Je bap­tise ” cer­cles ” ces sous-domaines, bien que la preuve de cir­cu­lar­ité n’ex­iste que pour le gros cer­cle axi­al ; des mesures sur cer­tains autres mon­trent que l’é­cart à la cir­cu­lar­ité, s’il existe, est inférieur au dix mil­lième. On peut class­er ces cer­cles comme suit :

a) une famille pri­maire, symétrique par rap­port à l’axe hor­i­zon­tal, com­mençant avec le cer­cle axi­al de poids 2 (noté C2), et se pour­suiv­ant avec des paires de cer­cles de poids 3 (C3, en haut et en bas), 4 (C4, à 45° du côté droit), 5, 6 (C6, tan­gents à droite de la car­dioïde), etc., jusqu’à l’in­fi­ni dans le point de rebroussement.

b) entre deux cer­cles pri­maires quel­con­ques de poids p et p + 1 existe une série sec­ondaire, avec un cer­cle sec­ondaire majeur situé à peu près au milieu, de poids 2 p + 1, et deux séries infinies M et P qui l’en­ca­drent. Par exem­ple, il existe une paire de CS5 à 45° entre C2 et C3, pour p = 2.
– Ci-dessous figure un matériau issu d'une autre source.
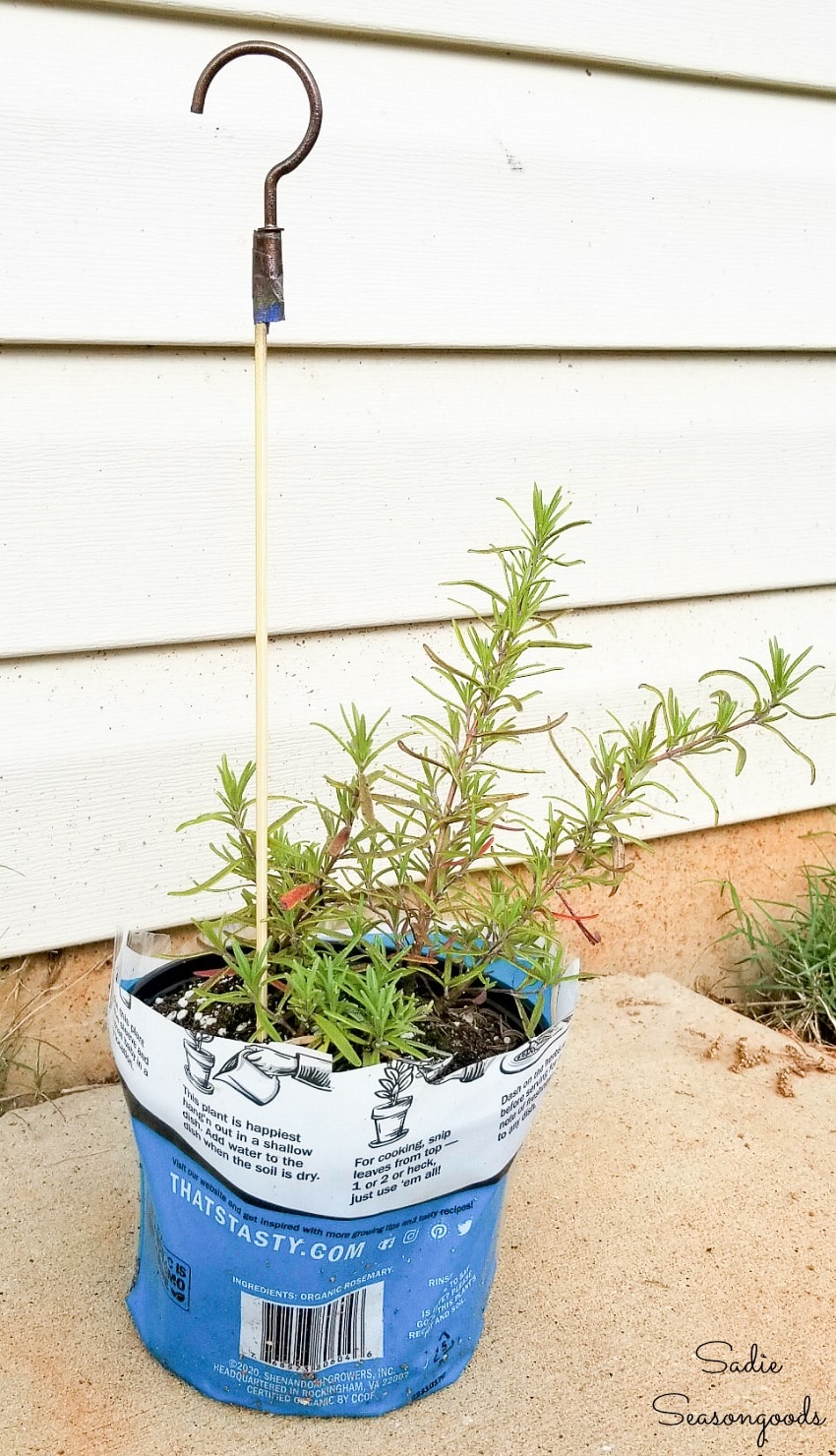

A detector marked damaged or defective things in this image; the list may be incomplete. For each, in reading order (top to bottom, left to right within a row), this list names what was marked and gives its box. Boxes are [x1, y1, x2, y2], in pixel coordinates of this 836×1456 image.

c) on définit ensuite de la même manière, et on observe, des séries ter­ti­aires, qua­ter­naires, quinaires, etc., jusqu’à l’in­fi­ni. Le poids de cha­cun de ces cer­cles s’é­val­ue de proche en proche en fonc­tion du p ini­tial, par sim­ple addi­tion des poids des cer­cles encad­rants. Tous les cer­cles com­pris entre Cp et Cp + 1 ont ain­si un poids m de la forme a p + b : nous décou­vrirons plus loin l’im­por­tance du coef­fi­cient a.
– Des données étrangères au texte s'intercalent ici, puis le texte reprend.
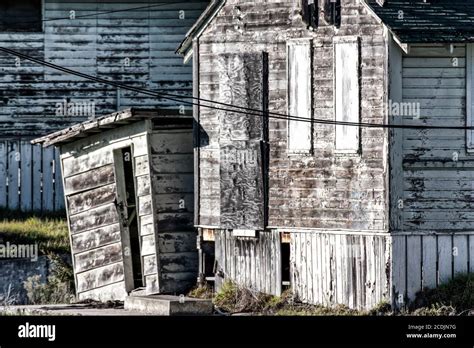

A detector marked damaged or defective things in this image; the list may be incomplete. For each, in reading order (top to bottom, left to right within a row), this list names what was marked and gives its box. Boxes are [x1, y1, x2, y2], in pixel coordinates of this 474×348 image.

broken siding board [64, 164, 115, 196]
broken siding board [71, 224, 122, 254]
On sait cal­culer les coor­don­nées du point de con­tact de cha­cun de ces cer­cles avec la car­dioïde, et la tan­gente en ce point, qui sépare le domaine de poids 1 du sous-domaine de poids m.

Autour de cha­cun de ces cer­cles de pre­mier niveau existe une hiérar­chie de familles sub­or­don­nées, dont le numéro se cal­cule comme les poids ci-dessus. Le poids de cha­cun de ces cer­cles de 2e niveau est le pro­duit de son numéro par le poids du cer­cle porteur.

Cette pro­priété est récur­sive, et il existe des cer­cles de 3e, 4e niveau, etc., jusqu’à l’in­fi­ni. Sur l’axe, par exem­ple, il existe une infinité de cer­cles de poids 2, 4, 8, 16, etc.

Des for­mules exis­tent pour déter­min­er le point de con­tact de chaque cer­cle avec son por­teur. Cepen­dant, seul le cas du por­teur C2 est acces­si­ble en bloc à l’or­di­na­teur. Pour les autres, le cal­cul est numérique et point par point.

Domaine 3

À l’ex­térieur des domaines 1 et 2 join­tifs, on observe des points noirs de con­ver­gence, en apparence non con­nec­tés. En grossis­sant ces points, on con­state que cha­cun d’eux est une copie approx­i­ma­tive de l’ensem­ble com­plet : on démon­tre que la cor­re­spon­dance est un homéo­mor­phisme, qui con­serve toutes les pro­priétés décrites ci-dessus, tout en autorisant des défor­ma­tions, notam­ment en torsion.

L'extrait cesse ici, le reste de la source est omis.